The man was part of a group of four who set off from the Ketetahi end to hike the crossing at 8am on Monday, October 1.
Police said the group was together until the bushline, near Ketetahi Hut, when three of the men continued without the missing man.
Police were notified by the man’s wife at 5pm when he did not return to his vehicle and
police and LandSAR searched through blizzard conditions until after midnight. The search continued from 7am this morning with four SAR teams and a helicopter.
National Park senior constable Conrad Smith said the man was found on Red Crater ridge, below the summit of Red Crater, at over 1700m.
Smith said conditions deteriorated throughout the day on Monday, with limited visibility, rain and snow. He said the shoulder season was often a busy time for search and rescue in the national park.
“It’s a dangerous time of year because the weather is so changeable,” Smith said.

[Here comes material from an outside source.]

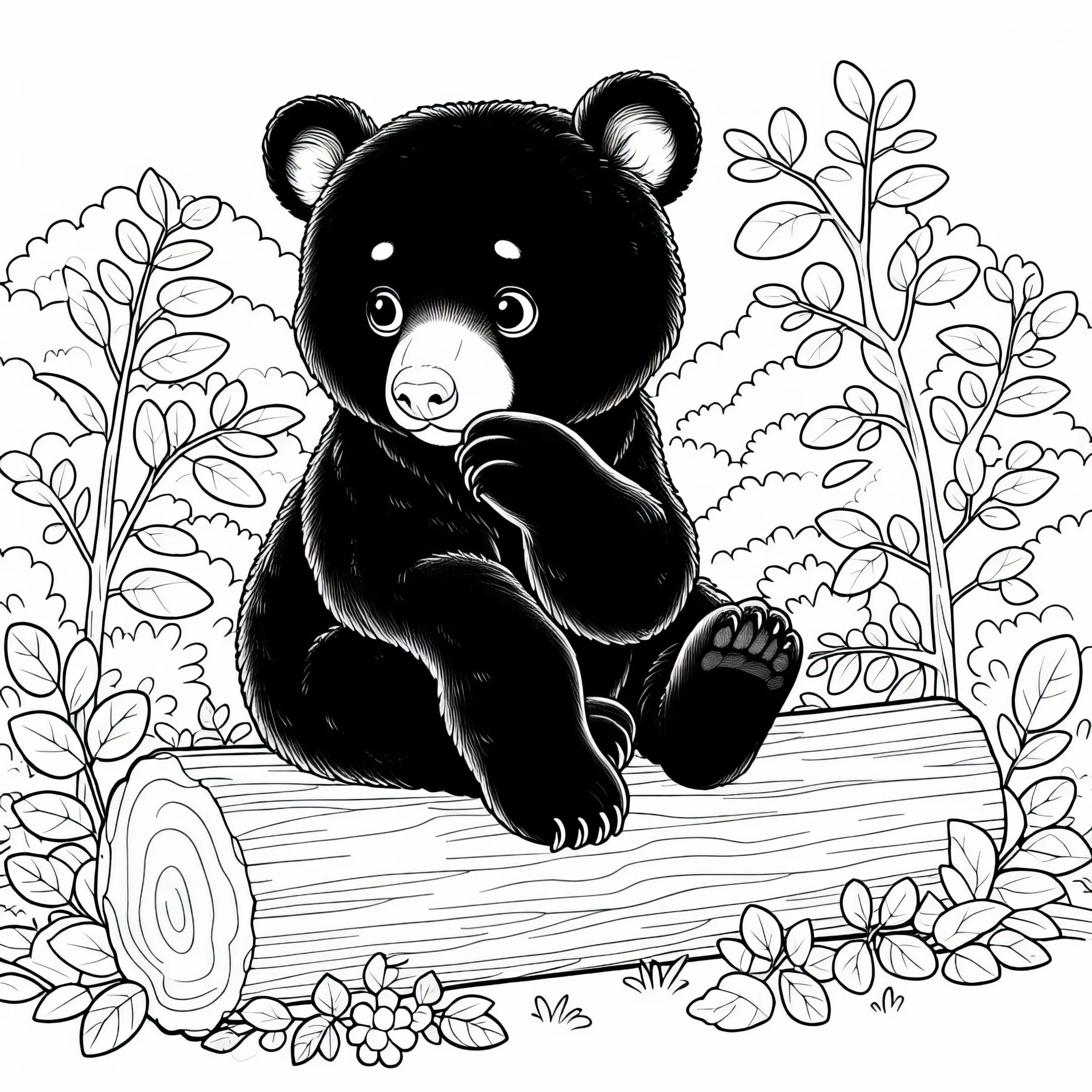 Asiatischer Schwarzbär sitzt auf Baumstamm Malvorlage Kostenlos (Ausmalbild)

The man’s body is being recovered and carried to the Mangatepopo Road end. Smith said police are yet to determine whether he was a New Zealander or from overseas or how prepared the group were for the conditions.
It comes just three weeks before the tramping season officially opens on the crossing, which attracts about 141,000 walkers a year.
Tongariro National Park has the most search and rescue call outs of any national park in the country.
According to the Mountain Safety Council, 14 per cent of all search and rescue incidents involving trampers occurred in the national park. There were 322 rescues in park between 2010 and 2017, more than double the number of rescues in Fiordland National Park, which is the second busiest for LandSAR.